▶ _Problem_: Copy the complete listing word for word, but do not carry over any images.

▶ _Input records_:
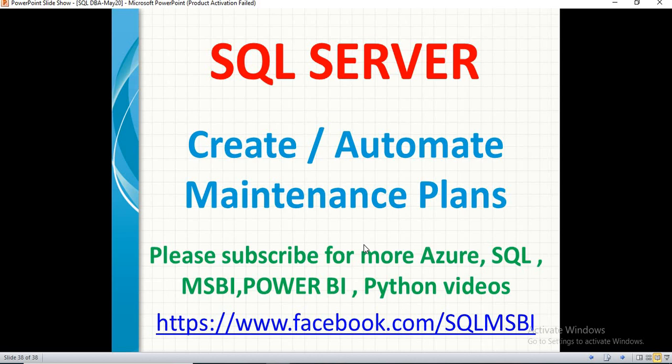That is how we implement a maintenance plan in SQL Server. This is really important in the real environment. That is all about it. If you have any questions on SQL Server DBA and SQL Server, please do not hesitate. Please drop your question in the comment section. I will try to answer as soon as possible. Also, follow me on Facebook for more technical updates. Thank you.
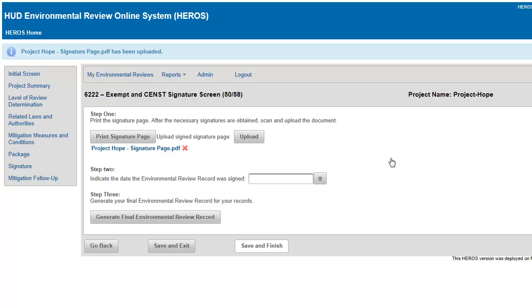Step 2. Use the calendar icon to select the date the signature page was signed.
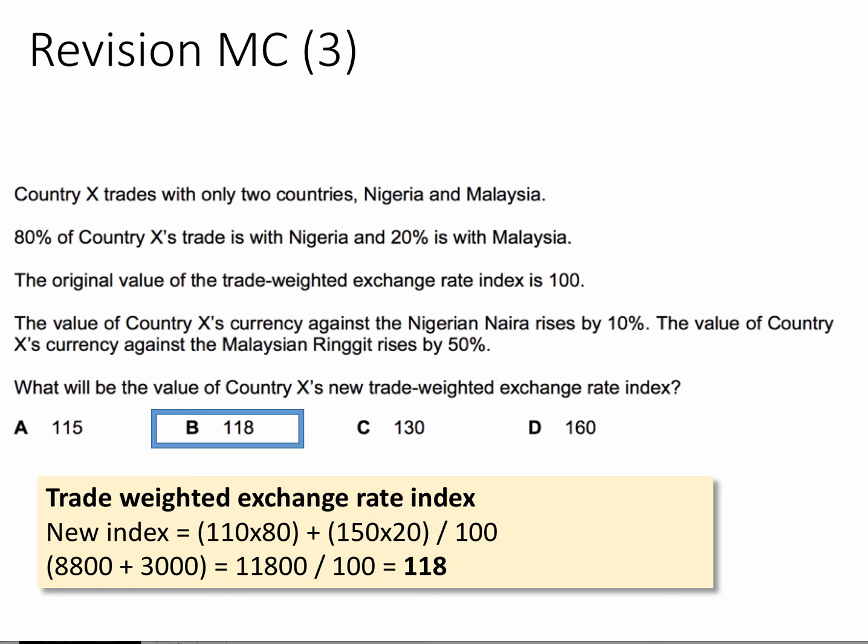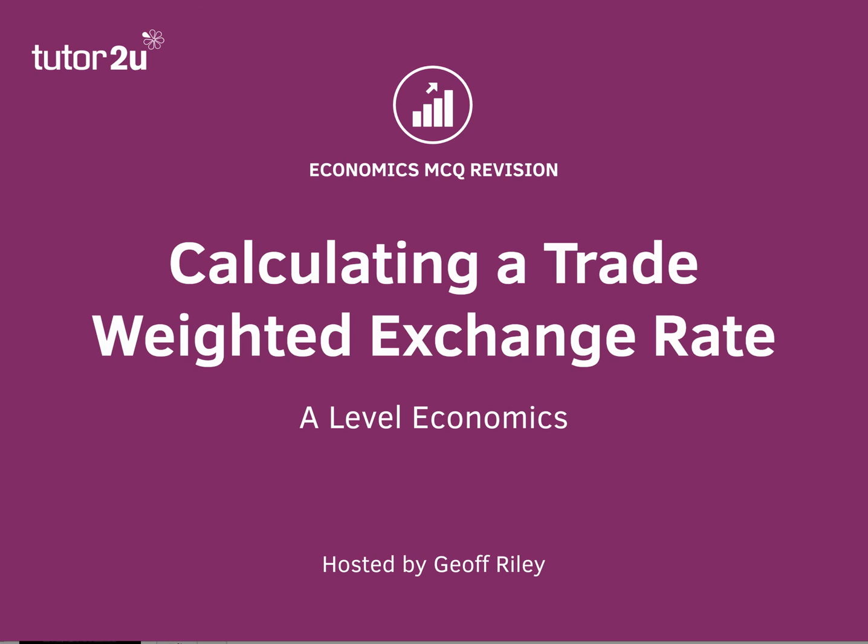So we end up with 11,800 divided by 100, which gives a figure of 118 — an 18% rise overall in the value of the trade weighted exchange rate index. That's one of these calculation questions which you have to do as part of the new A-level course.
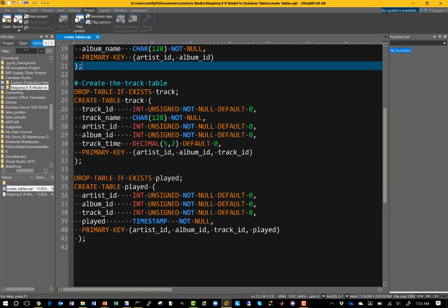For track time, we have a different data type: decimal(5,2). This is a five-digit decimal value with two digits to the right of the decimal point, essentially a fixed-size floating point number, so we're just tracking the time in seconds. For the played table, the only thing different is that we use the timestamp field, which is a data type in MySQL that includes the calendar date — like 2017-11-10 — and the time of day, giving us the timestamp at which the song was played.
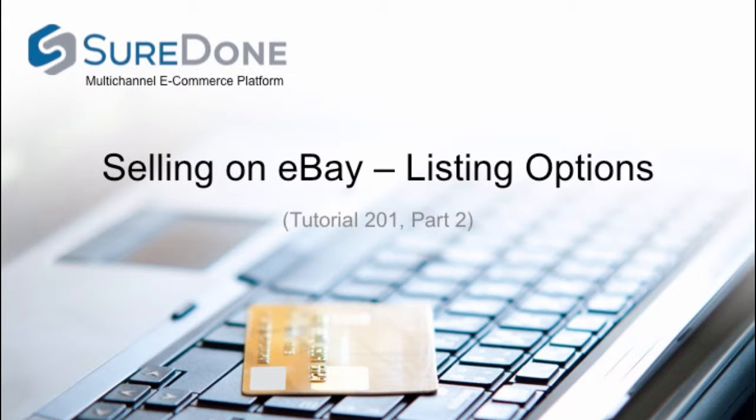So let's work through an example of how this works in SureDone. First we'll work through a listing as a fixed price item and then we'll work through an auction item.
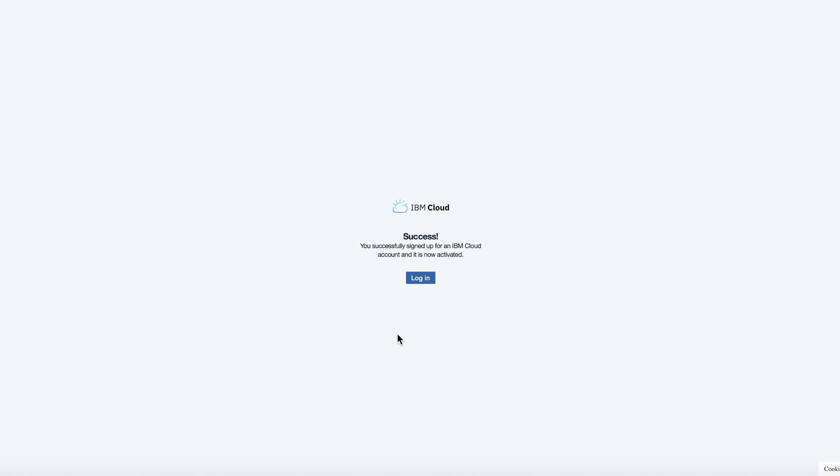Okay, success. I've successfully signed up for an IBM Cloud account and it's now activated.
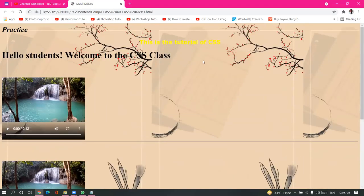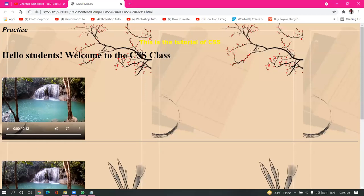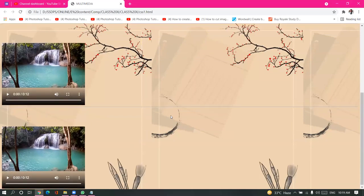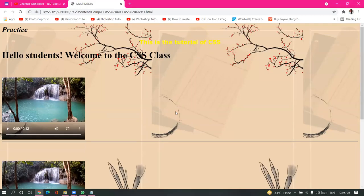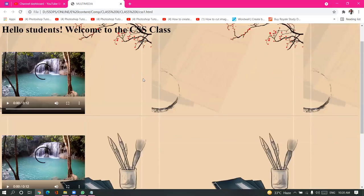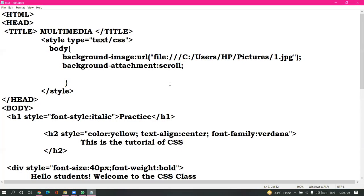Background image is moving along with the content. But if you use the property background-attachment: fixed, only the content will move but the background image will not move. There are two values for background-attachment: fixed and scroll. By default it is the scroll value where the image was scrolling. If you want to make your background fixed, use background-attachment with the value fixed.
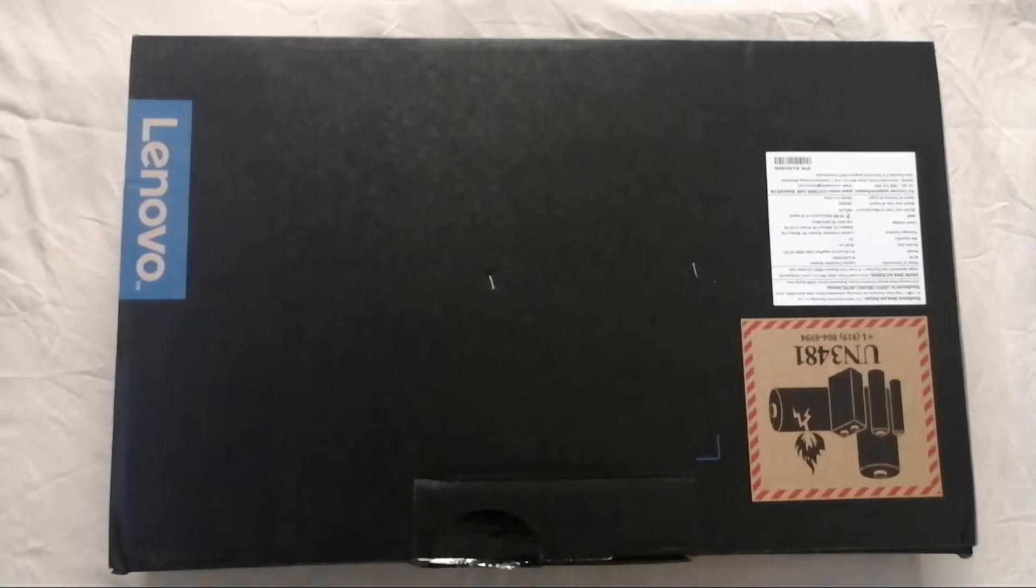Hey guys, this is Saurabh and welcome back to my channel. I am back with another video. Today I am going to be unboxing a brilliant laptop from Lenovo. So let's get started.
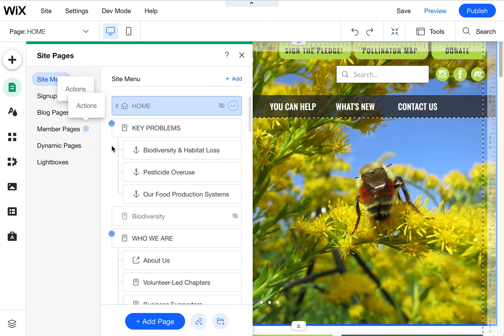It used to be in this little site menu, site pages menu. It used to be here in these options, but it has been moved.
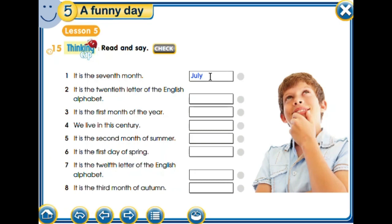Which one is the twentieth? It is T. Yes! 'It is the first month of the year' — which one? January, of course! And 'we live in this century' — which century do we live in?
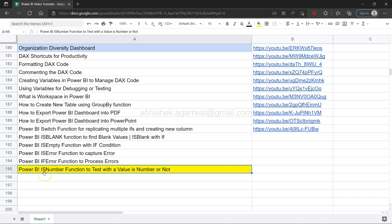Hello and welcome to the new Power BI tutorial video. In this video I want to show you the IS NUMBER function which is very helpful in scenarios where you want to evaluate whether you are getting a number in the required column or as an output of the required expression. I'll show you how to configure and use it and what output it returns.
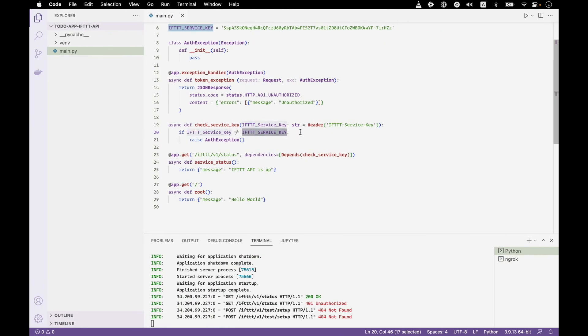We will clean this up later and break it into a few different files for different routes, because this will get unmanageable pretty fast. We will also store the service key in an environment variable so we're not exposing it in our code or committing it to GitHub. This will be in the next video as we move full steam ahead towards adding authentication. Don't forget to subscribe so you don't miss new videos in the series — thanks for watching and I'll see you next time.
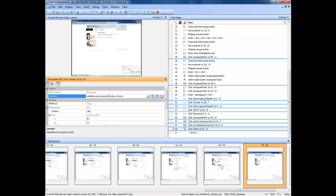When you've clicked the Home button, the Locator property in the Properties pane will change to display the new location name for the button. And the Step text in the Test pane has now been updated to reflect click Home.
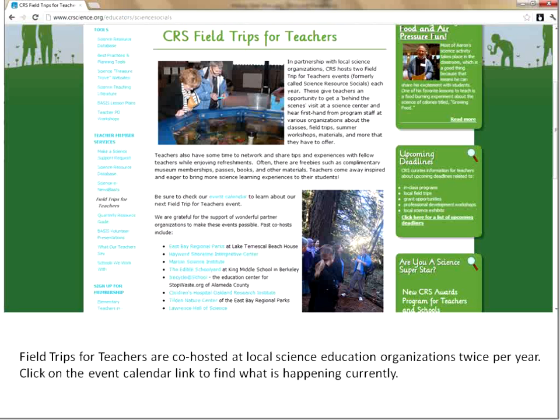Our next page down is the CRS Field Trip for Teachers. We hold these events twice a year with another organization in the Bay Area. Recently we've been to the East Bay Regional Park and the Hayward Shoreline Interpretive Center, where we go and have a nice time eating, chatting, and finding out about the programs at one of those science education partners.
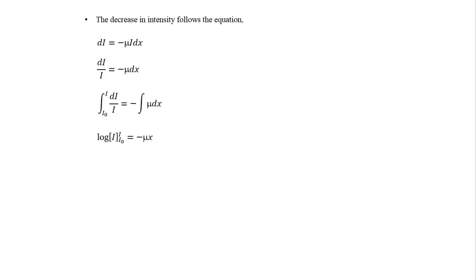By solving this integration, we can write log of I over the limit I0 to I is equal to minus mu x. Putting the limits, we can write log I minus log I0 is equal to minus mu x. Or we can write log of I upon I0 is equal to minus mu x.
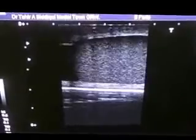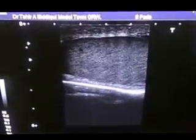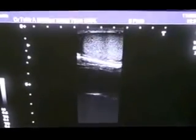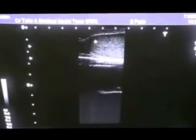Now I am shifting towards the right testis. This is the right testis, you can see. This is the lateral border, and this is the medial border.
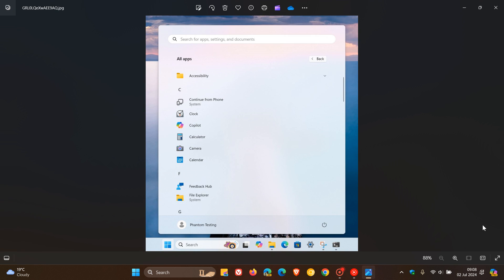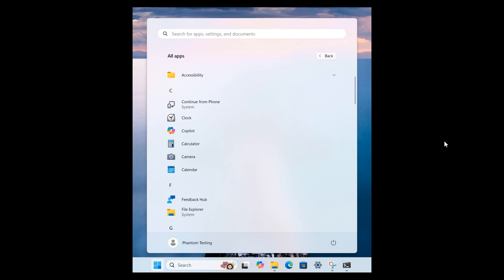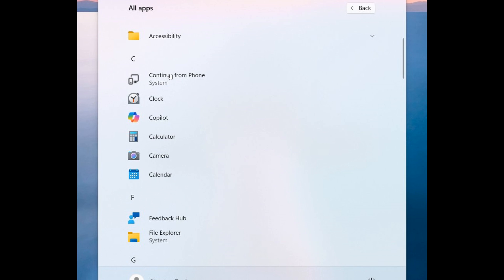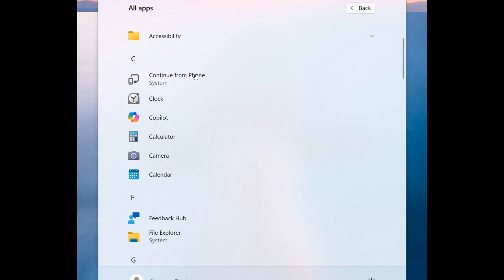screenshot provided here, we can see found in the all apps list in the start menu it says Continue From Phone. And at this stage it seems that this is going to let you resume work on OneDrive files from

▶ _Written response_:
That is how we implement a maintenance plan in SQL Server. This is really important in the real environment. That is all about it. If you have any questions on SQL Server DBA and SQL Server, please do not hesitate. Please drop your question in the comment section. I will try to answer as soon as possible. Also, follow me on Facebook for more technical updates. Thank you.
Step 2. Use the calendar icon to select the date the signature page was signed.
So we end up with 11,800 divided by 100, which gives a figure of 118 — an 18% rise overall in the value of the trade weighted exchange rate index. That's one of these calculation questions which you have to do as part of the new A-level course.
For track time, we have a different data type: decimal(5,2). This is a five-digit decimal value with two digits to the right of the decimal point, essentially a fixed-size floating point number, so we're just tracking the time in seconds. For the played table, the only thing different is that we use the timestamp field, which is a data type in MySQL that includes the calendar date — like 2017-11-10 — and the time of day, giving us the timestamp at which the song was played.
So let's work through an example of how this works in SureDone. First we'll work through a listing as a fixed price item and then we'll work through an auction item.
Okay, success. I've successfully signed up for an IBM Cloud account and it's now activated.
Background image is moving along with the content. But if you use the property background-attachment: fixed, only the content will move but the background image will not move. There are two values for background-attachment: fixed and scroll. By default it is the scroll value where the image was scrolling. If you want to make your background fixed, use background-attachment with the value fixed.
Hey guys, this is Saurabh and welcome back to my channel. I am back with another video. Today I am going to be unboxing a brilliant laptop from Lenovo. So let's get started.
It used to be in this little site menu, site pages menu. It used to be here in these options, but it has been moved.
Which one is the twentieth? It is T. Yes! 'It is the first month of the year' — which one? January, of course! And 'we live in this century' — which century do we live in?
Hello and welcome to the new Power BI tutorial video. In this video I want to show you the IS NUMBER function which is very helpful in scenarios where you want to evaluate whether you are getting a number in the required column or as an output of the required expression. I'll show you how to configure and use it and what output it returns.
We will clean this up later and break it into a few different files for different routes, because this will get unmanageable pretty fast. We will also store the service key in an environment variable so we're not exposing it in our code or committing it to GitHub. This will be in the next video as we move full steam ahead towards adding authentication. Don't forget to subscribe so you don't miss new videos in the series — thanks for watching and I'll see you next time.
When you've clicked the Home button, the Locator property in the Properties pane will change to display the new location name for the button. And the Step text in the Test pane has now been updated to reflect click Home.
Our next page down is the CRS Field Trip for Teachers. We hold these events twice a year with another organization in the Bay Area. Recently we've been to the East Bay Regional Park and the Hayward Shoreline Interpretive Center, where we go and have a nice time eating, chatting, and finding out about the programs at one of those science education partners.
By solving this integration, we can write log of I over the limit I0 to I is equal to minus mu x. Putting the limits, we can write log I minus log I0 is equal to minus mu x. Or we can write log of I upon I0 is equal to minus mu x.
Now I am shifting towards the right testis. This is the right testis, you can see. This is the lateral border, and this is the medial border.
screenshot provided here, we can see found in the all apps list in the start menu it says Continue From Phone. And at this stage it seems that this is going to let you resume work on OneDrive files from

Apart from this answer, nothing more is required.